* [TASK TO CARRY OUT]
Among the entries below, only the lines from the one with "ДД ECHO チェーンソー 未使用品(S) 2サイクル GC351" through the one with "封顶|回迁倒计时!秦楼街道前团岭埠村主体封顶" are to be retyped, exactly and without pictures.

(SOURCE INFORMATION)

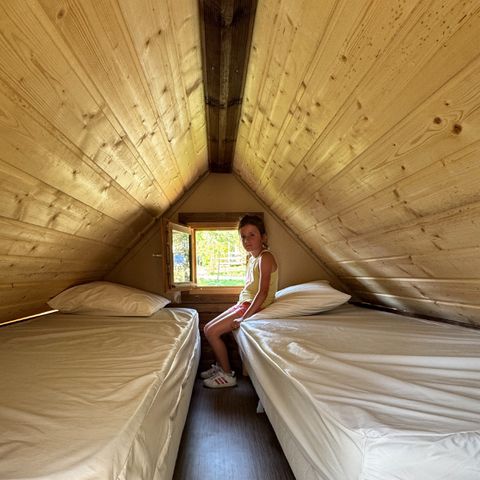 TENT 2 people - Bivouac tent without sanitary facilities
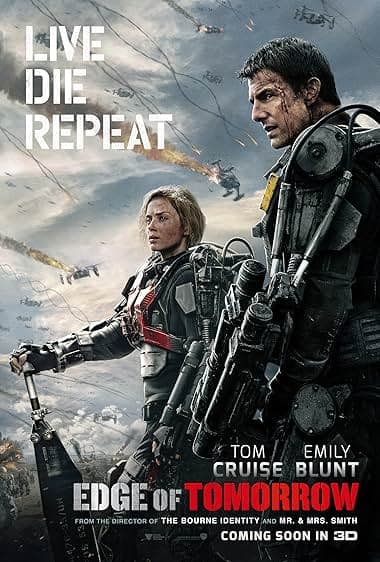 Poster for Edge of Tomorrow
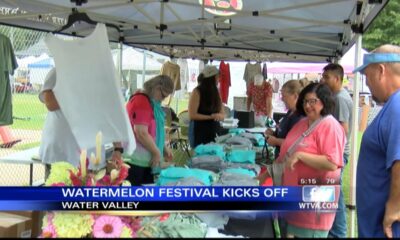 Watermelon Festival held this weekend in Water Valley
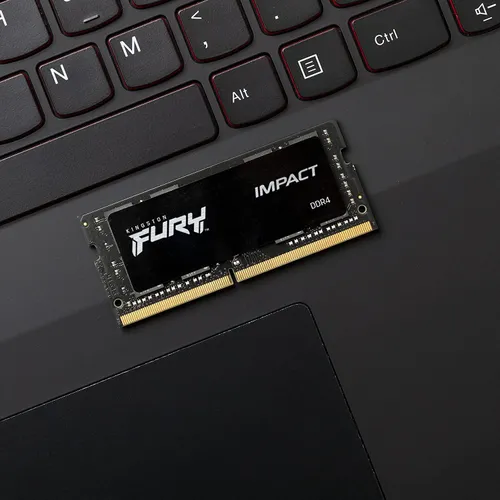 Pamięć Kingston FURY Impact DDR4 32GB 3200 CL20 SODIMM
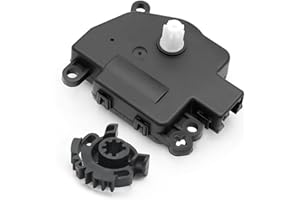 SYOWADA 604-045 HVAC Heater Blend Door Actuator with Gear, Replacement for Dodge Durango 2011 2012 2013 Replacement for Jeep 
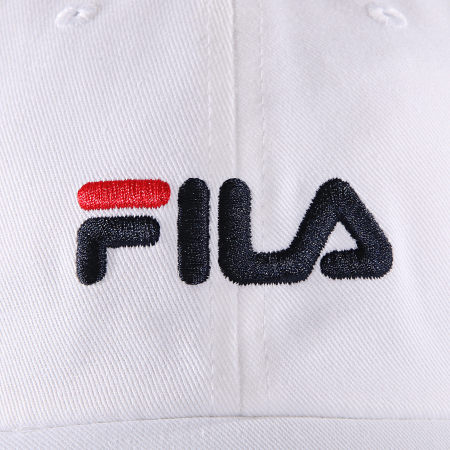 Fila - Casquette Linear Logo 685034 Blanc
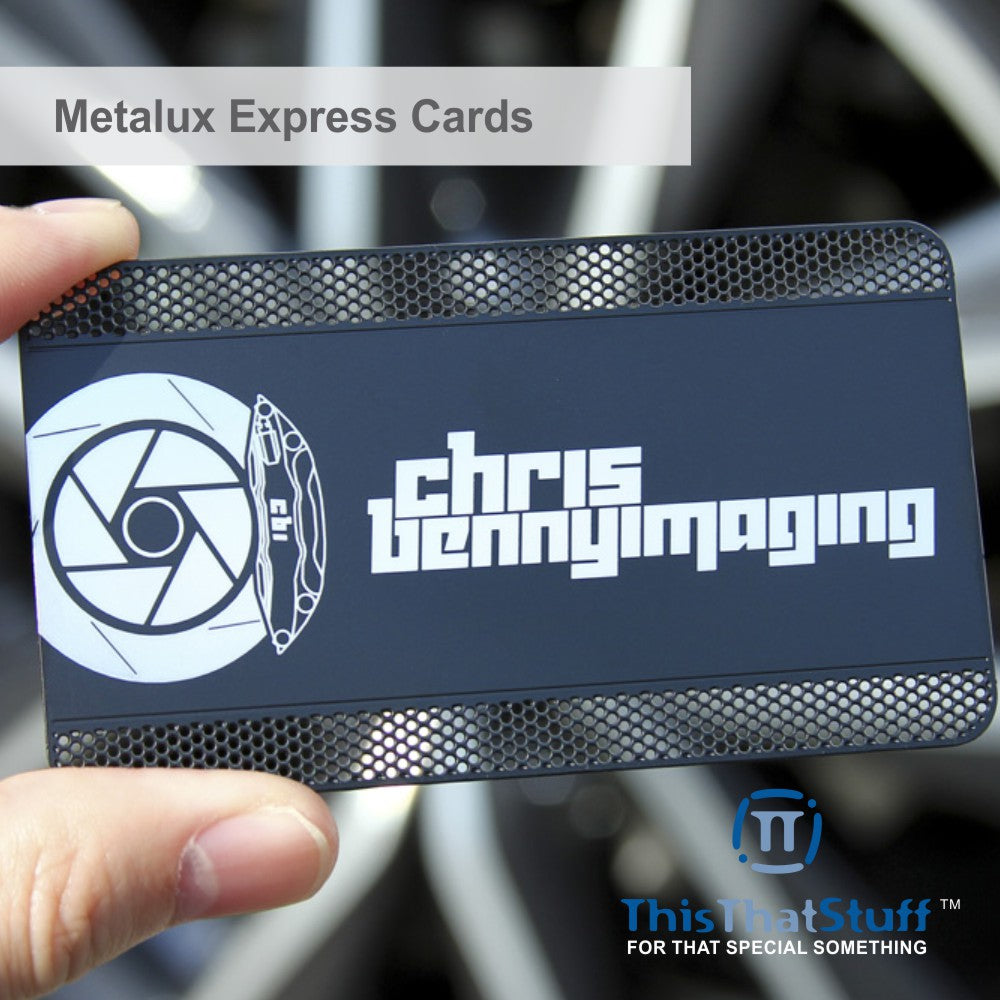 Metalux Express Metal Business Cards | Membership Cards | VIP Cards | Gift Cards | Special Events | Production 10 Business Days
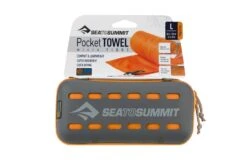 Sea To Summit "Pocket Towel" - Orange -Outdoor Ausrüstungsgeschäft sts pockettowel large orange 1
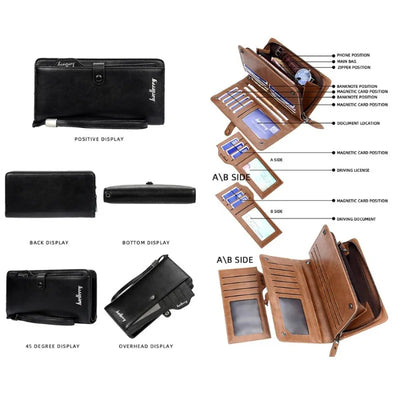 Modenzo Elite Long Carry Wallet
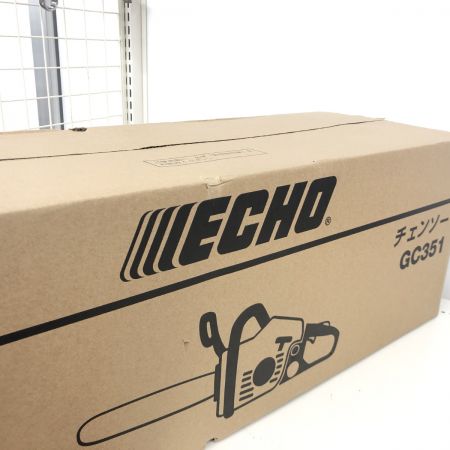 ДД ECHO チェーンソー 未使用品(S) 2サイクル GC351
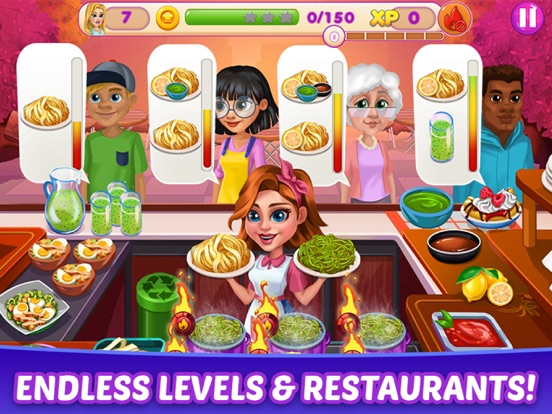 Screenshot #6 pour jeux de cuisine 2021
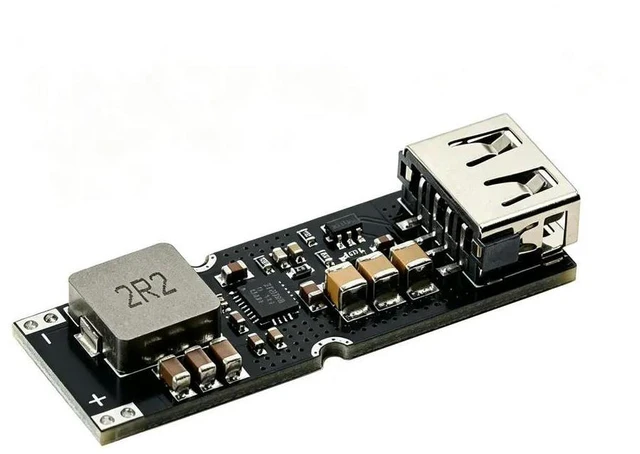 Main image of Single Cell Lithium Boost Power Module Board 3.7V 4.2V Liter 5V 9V 12V USB Mobile Phone Fast Charge QC2.0 QC3.0 TPS61088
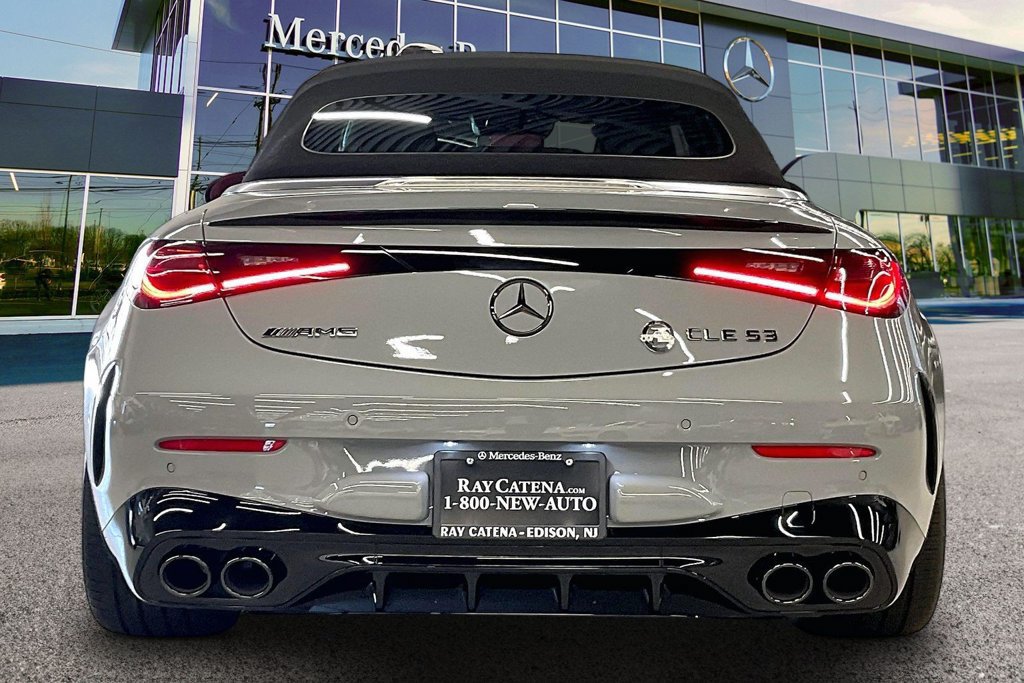 New 2027 Mercedes-Benz CLE 53 AMG 4MATIC Cabriolet image 4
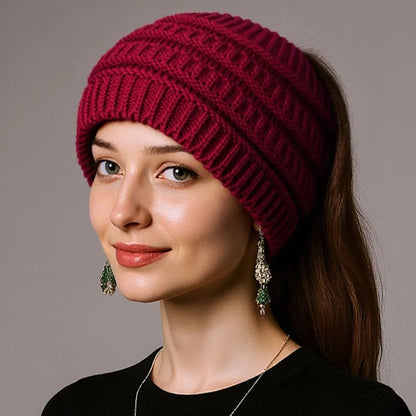 Ponytail Beanie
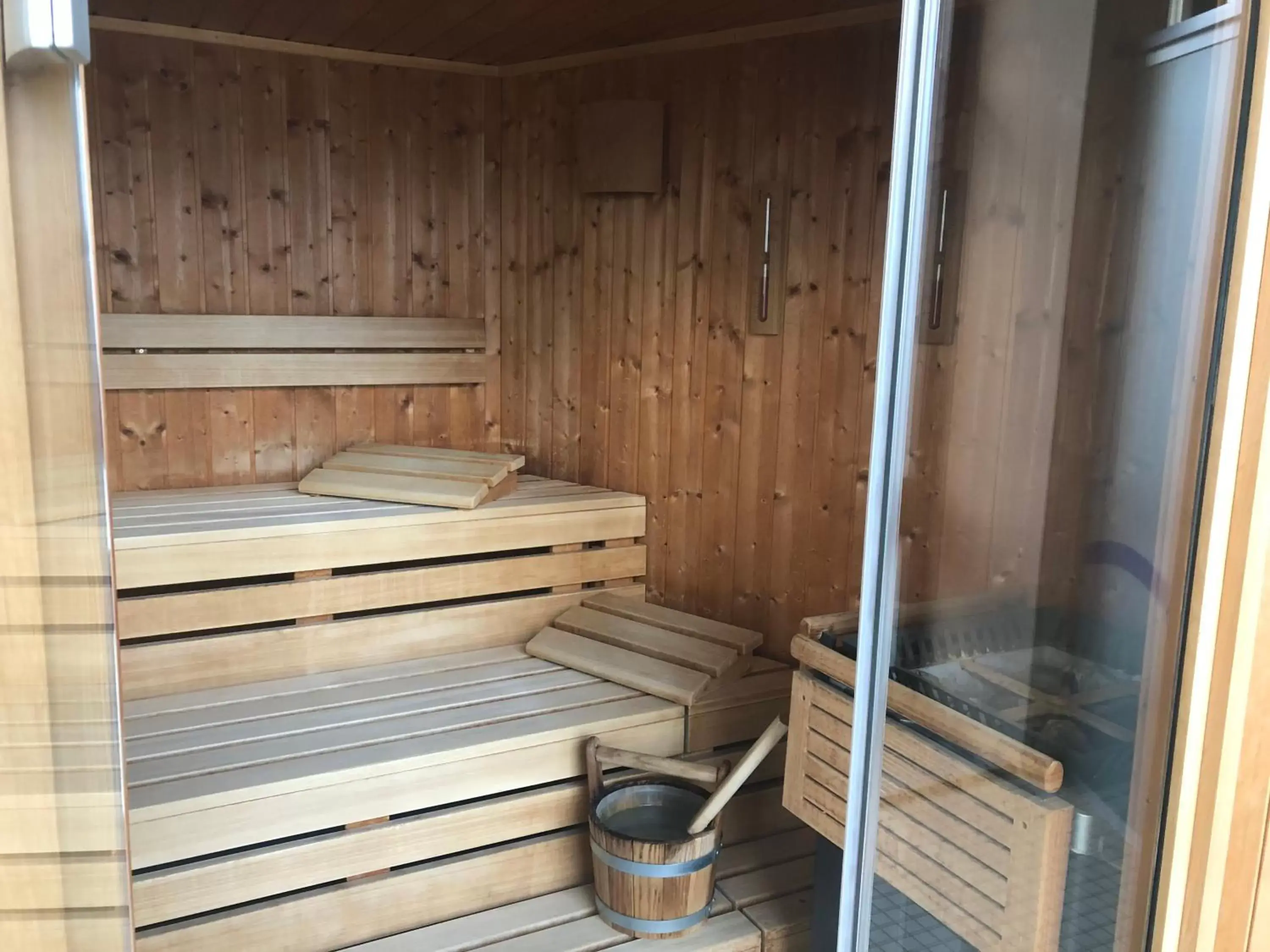 Sauna in Hotel Bayern Vital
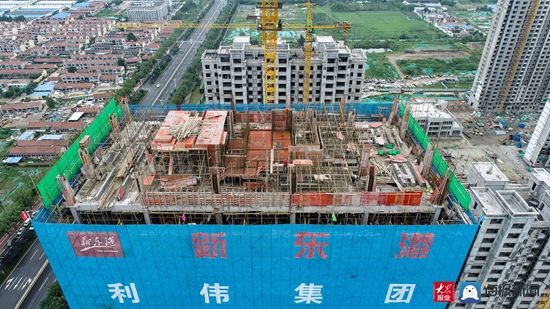 封顶|回迁倒计时!秦楼街道前团岭埠村主体封顶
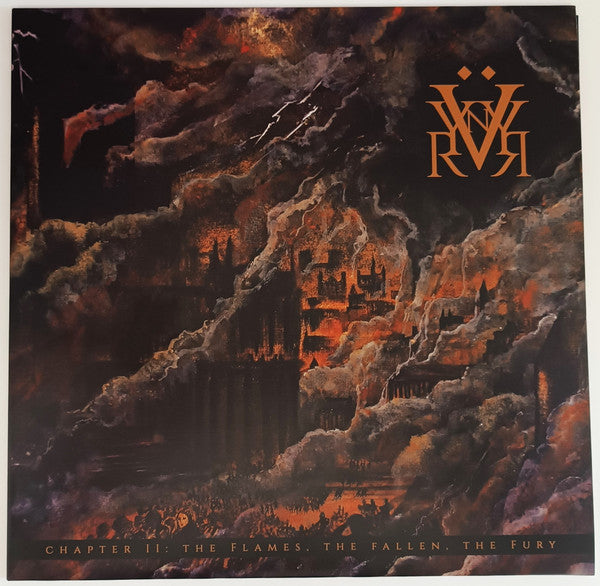 RüYYn : Chapter II : The Flames, The Fallen, The Fury (LP, Album)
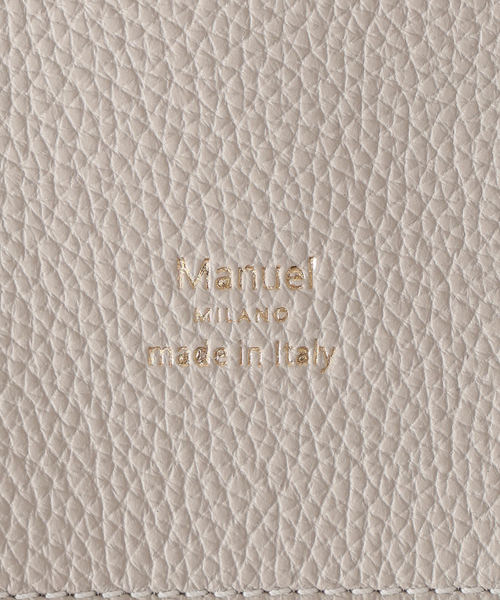 IENA(イエナ)の「Manuel MILANO/マニュエルミラノ 2WAY BAG バッグ 6467(ハンドバッグ・レディース・ブラック/チャコールグレー・FREE)」の15枚目の写真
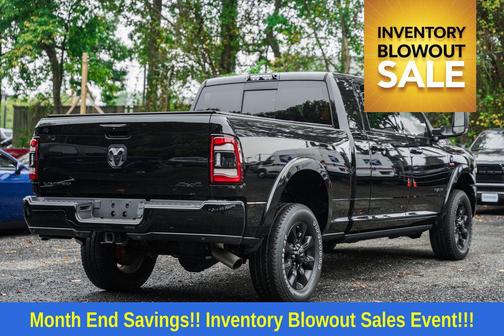 2020 RAM 2500 Limited Mega Cab 4X4 6'4' Box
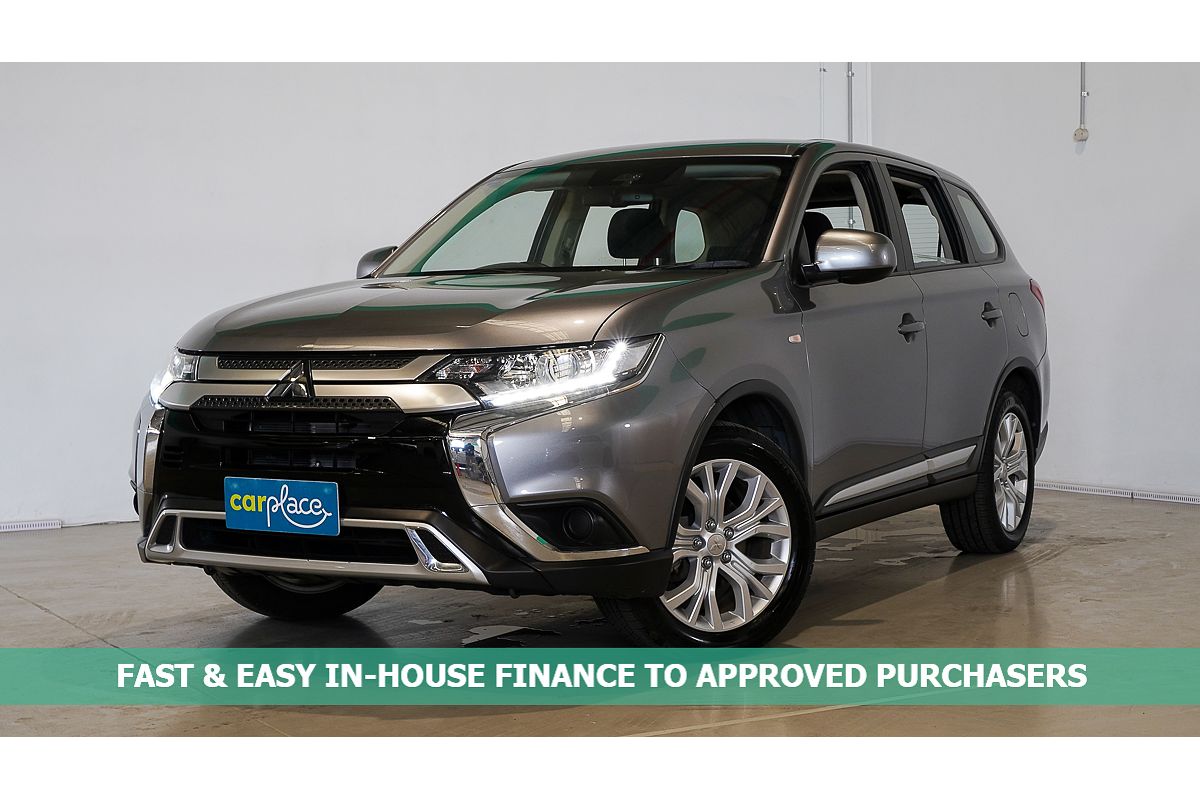 2021 Mitsubishi Outlander ES ZL
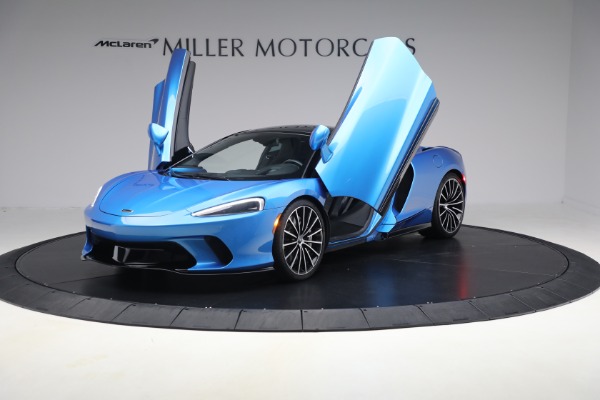 Used 2021 McLaren GT Luxe for sale $149,900 at Maserati of Greenwich in Greenwich CT 06830 14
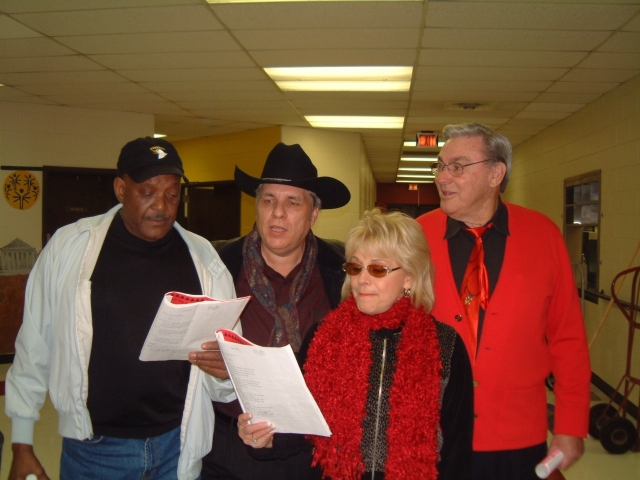 Jim Ed Brown, Chris Ladd, Helen Cornelius and Dobie Gray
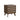 Medieval Double Drawer Bedside Table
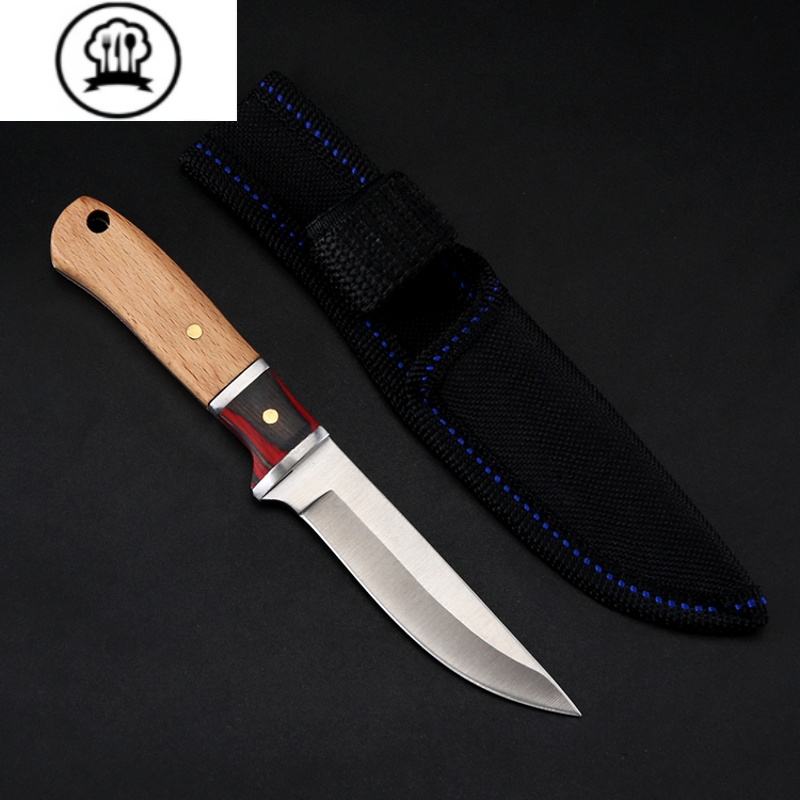 敬平手把肉刀手扒肉刀内蒙古吃手捉肉吃羊肉小刀藏族割肉刀牛扒餐刀具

(End SOURCE INFORMATION)

* [RESPONSE AREA]
 ДД ECHO チェーンソー 未使用品(S) 2サイクル GC351
 Screenshot #6 pour jeux de cuisine 2021
 Main image of Single Cell Lithium Boost Power Module Board 3.7V 4.2V Liter 5V 9V 12V USB Mobile Phone Fast Charge QC2.0 QC3.0 TPS61088
 New 2027 Mercedes-Benz CLE 53 AMG 4MATIC Cabriolet image 4
 Ponytail Beanie
 Sauna in Hotel Bayern Vital
 封顶|回迁倒计时!秦楼街道前团岭埠村主体封顶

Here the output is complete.